10. Insofar as issue No. 6 is concerned, which relates to claim No. 3,

the learned Arbitrator was of the following view;

ISSUE N0.6

44. Issue No.6 framed in the proceeding relates to payment of expenses to the extent of Rs.2,78,300/- incurred by the claimant for obtaining the aforesaid bank guarantee. The bank guarantee furnished by the claimant was not renewed by the claimant and, therefore, by operation of the time factor, the validity of the same has lapsed. The said bank guarantee has not been enforced and ordered to be refunded and therefore, no such order for payment of bank charges would be justified. The respondent could not be made liable for payment of expenses for obtaining the aforesaid bank guarantee.
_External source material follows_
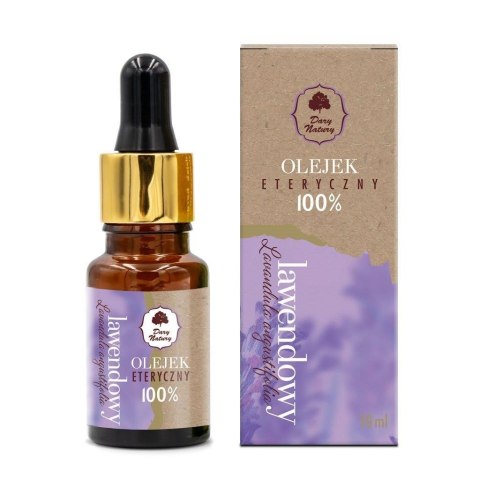 OLEJEK ETERYCZNY LAWENDOWY 10 ml - DARY NATURY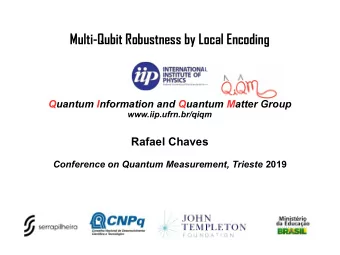 Multi-Qubit Robustness by Local Encoding  Quantum Information and Quantum Matter Group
This claim of the claimant, therefore, stands rejected.

11. There is no dispute, that in terms of the Contract, the bank

guarantee was to be furnished. Having furnished and not renewed, by

the petitioner, and has been ordered to be refunded. I am of the view that

the learned Arbitrator is justified in rejecting the claim.

12. Insofar as claim No. 5 is concerned, the same was towards loss of

profit of Rs.1,64,40,221.24 and the same relates to issue no. 8 framed by

the learned Arbitrator. The learned Arbitrator on this issue has held as

under;

ISSUE N0.8 AND ISSUE No. l

47. I am, however, unable to accept the aforesaid contention for the stage for starting the construction was not arrived at. There is no denial of the fact that a sketch for the excavation work was handed over to the claimant. The said sketch indicates as to how far the excavation work was to be done and to what depth it had to go. The desired depth upto which excavation was to be made would have been the base for the basement where construction work was to be started. Therefore, the claimant was initially required to first dewater the subsoil water and also had the sketch ready for doing the excavation work which the claimant failed to do at all. Subsequently, in the month of September, structural and architectural drawings, as approved by IIT, were furnished to the claimant and even after that the claimant had not completed the work of pumping out the subsoil water even to the extent of 1/3rd of the site not to speak of the rest 2/3rd of the site. It has also not done and has not even started the work of excavation at all on completion of which only the construction work could have been started for which only drawings are necessary. It is also proved from the evidence on record that any machinery meant for construction was brought to the site.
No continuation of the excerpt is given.